Breast imagers need to constantly guard against “satisfaction of search.” By fully defining the extent of disease, the appropriate surgical therapy can be planned. The occurrence of synchronous ipsilateral or bilateral breast cancer is about 3% to 5%. For localized breast cancer, the 20-year follow-up reports of two pivotal prospective randomized trials demonstrated that survival after a lumpectomy with radiotherapy is equal to survival after mastectomy. However, these studies are based on patients in whom clear margins were obtained. By better defining the extent of disease preoperatively, the likelihood of obtaining clear margins at initial surgery can be improved. Pathologic margin status is the most important predictor of local recurrence after breast conservation with radiation. Even when clear margins are obtained, many patients have remaining foci of disease.
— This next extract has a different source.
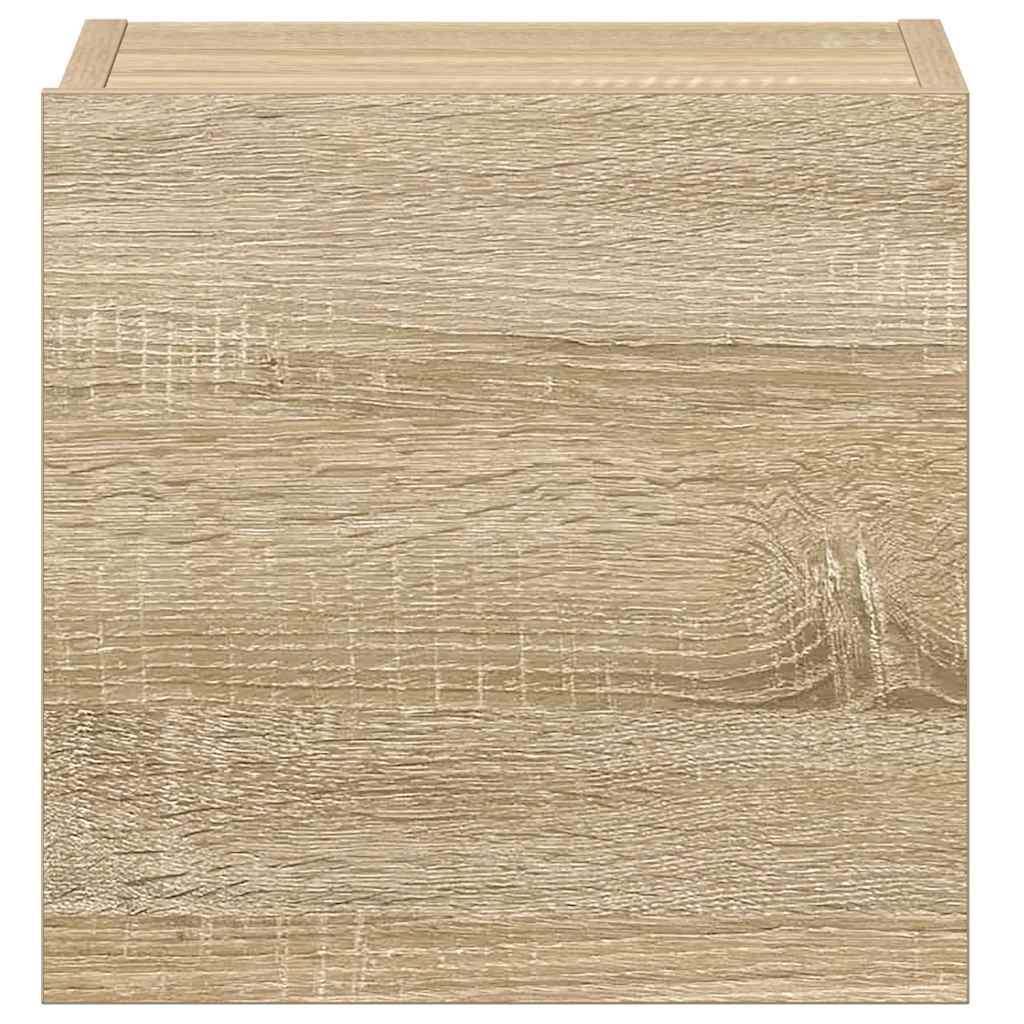 3 Piece TV Cabinet Set Sonoma Oak Engineered Wood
The role of radiation therapy is to treat these areas of occult residual tumor. The risk for local recurrence may be diminished if the residual tumor burden after surgery is minimized. This is even more important in patients who undergo partial breast irradiation rather than whole breast irradiation.

TEACHING POINTS

This case illustrates well how a multimodality approach can yield critical additional information to most accurately stage a newly identified breast cancer. Mammography was not particularly useful in this patient, owing to breast density, but confirmed that there were no microcalcifications. Prospectively, ultrasound identified the index tumor and provided guidance to confirm the diagnosis of IDC. However, no additional disease sites were recognized prospectively on ultrasound to suggest multicentric disease. However, with the breast MRI as a roadmap for a directed, second-look ultrasound, more subtle correlates could be discerned and targeted for sampling, confirming two separate sites of DCIS remote from the IDC, indicating that the patient’s disease should be treated surgically with mastectomy.

This case also illustrates ductal extension on ultrasound, a sonographic sign suspect for malignancy, as delineated by Stavros and colleagues. This feature is less frequently seen or recognized than other features of malignancy, such as taller-than-wide shape and shadowing.